**Problem description**: Exact wording is required for every entry; transcribe all of them and leave the images out.

Saved data entries
++++

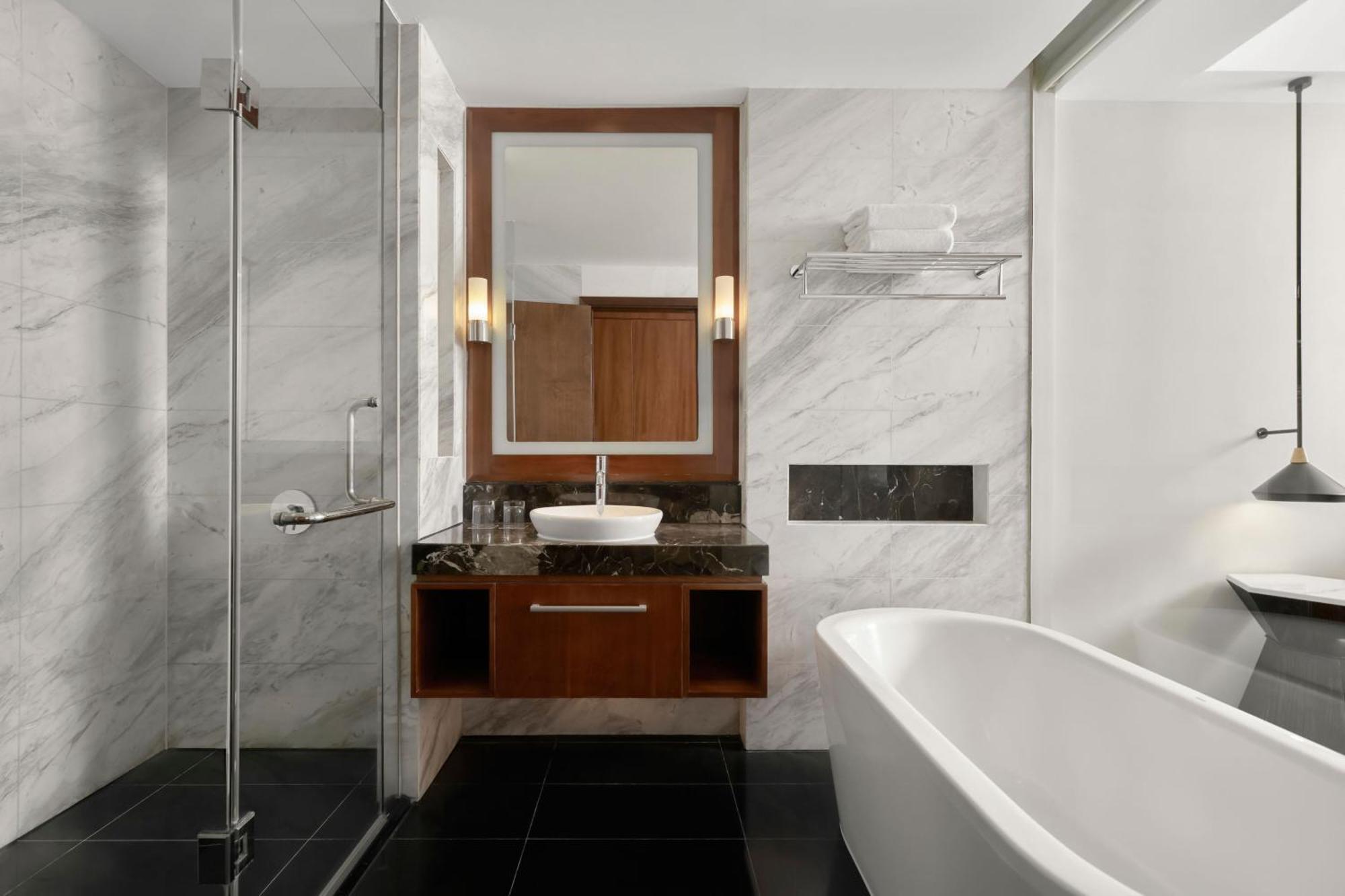 Suite Premium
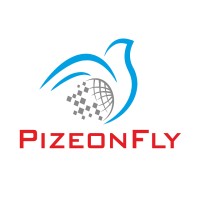 PIZEONFLY Logo
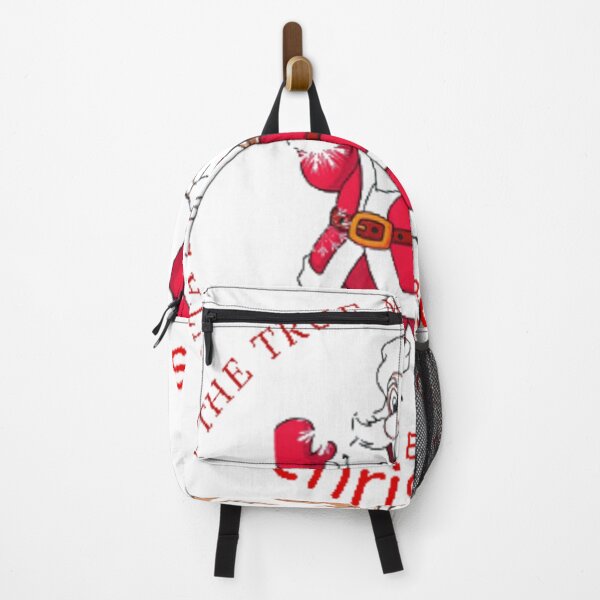 Item preview, Santa spreads the true meaning of Christmas. love! designed and sold by Chris Purdy.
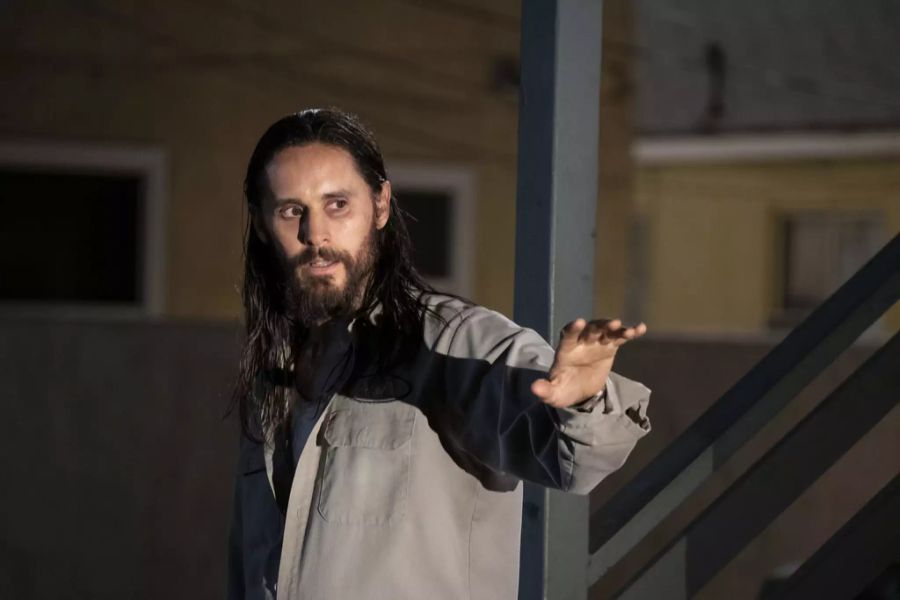 Jared Leto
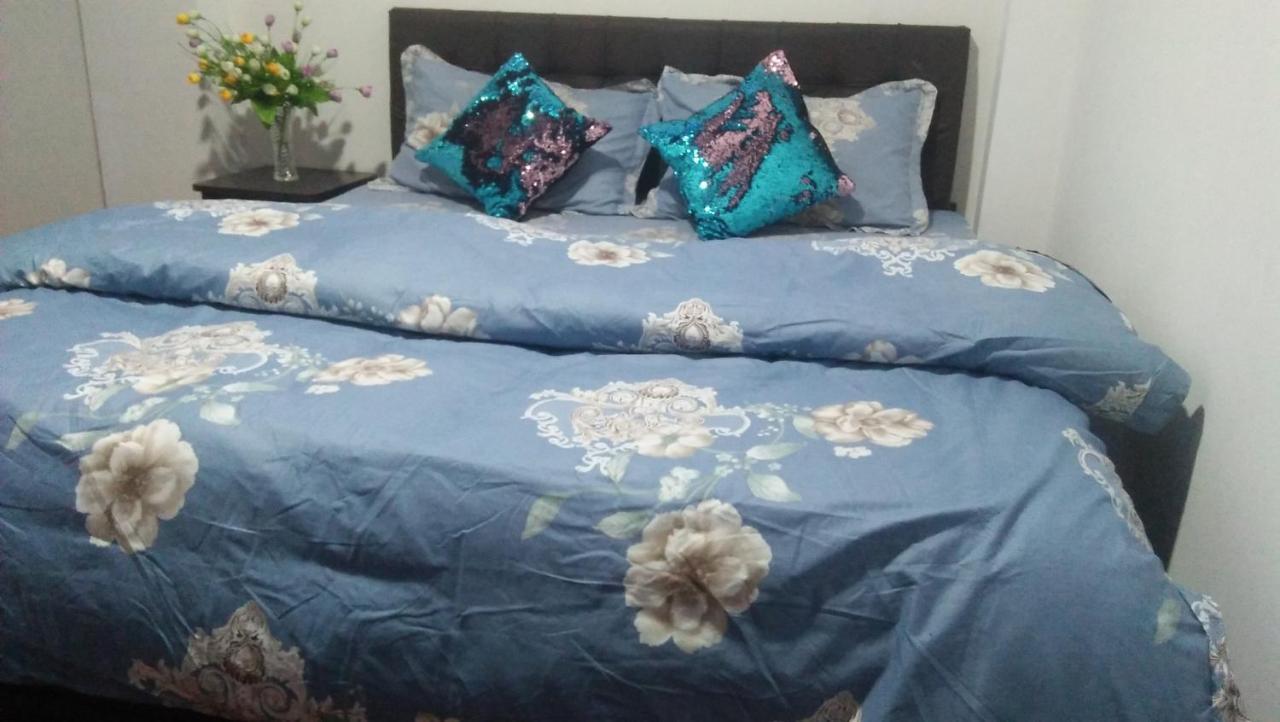 Shalom Inn Home Stay ดาร์จีลิง ภายนอก รูปภาพ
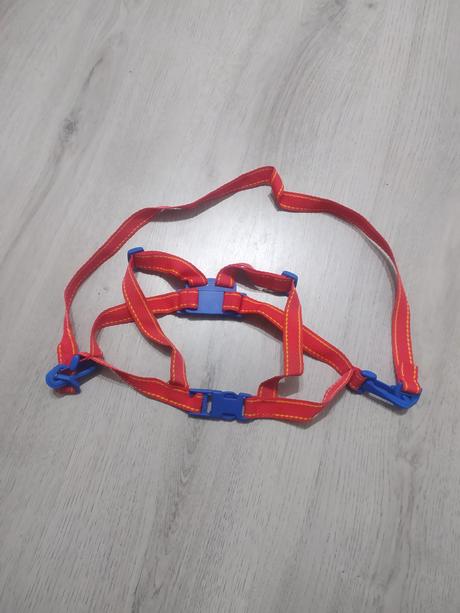 Vodiace popruhy, babyono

++++

**Finished task**:
 Suite Premium
 PIZEONFLY Logo
 Item preview, Santa spreads the true meaning of Christmas. love! designed and sold by Chris Purdy.
 Jared Leto
 Shalom Inn Home Stay ดาร์จีลิง ภายนอก รูปภาพ
 Vodiace popruhy, babyono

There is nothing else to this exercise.